If we use an immutable var, we send an immutable data structure to the logger. When we add more numbers to our collection, we will be replacing our var with a new immutable data structure. This doesn't mean collection sent to the logger is replaced! It's still referencing the collection it was sent. So our logger will indeed log the collection it received.
I think the examples in this blog post will shed more light, as the question of which combo to use becomes even more important in concurrency scenarios: importance of immutability for concurrency. And while we're at it, note the preferred use of synchronised vs #volatile vs something like AtomicReference: three tools
var immutable vs. val mutable
In addition to many excellent answers to this question.

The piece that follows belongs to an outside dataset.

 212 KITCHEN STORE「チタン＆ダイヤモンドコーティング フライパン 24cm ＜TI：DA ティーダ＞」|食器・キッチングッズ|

Here is a simple example, that illustrates potential dangers of val mutable:
Mutable objects can be modified inside methods, that take them as parameters, while reassignment is not allowed.
import scala.collection.mutable.ArrayBuffer
object MyObject {
def main(args: Array[String]) {
val a = ArrayBuffer(1,2,3,4)
silly(a)
println(a) // a has been modified here
}
def silly(a: ArrayBuffer[Int]): Unit = {
a += 10
println(s"length: ${a.length}")
}
}
Result:
length: 5
ArrayBuffer(1, 2, 3, 4, 10)
Something like this cannot happen with var immutable, because reassignment is not allowed:
object MyObject {
def main(args: Array[String]) {
var v = Vector(1,2,3,4)
silly(v)
println(v)
}
def silly(v: Vector[Int]): Unit = {
v = v :+ 10 // This line is not valid
println(s"length of v: ${v.length}")
}
}
Results in:
error: reassignment to val
Since function parameters are treated as val this reassignment is not allowed.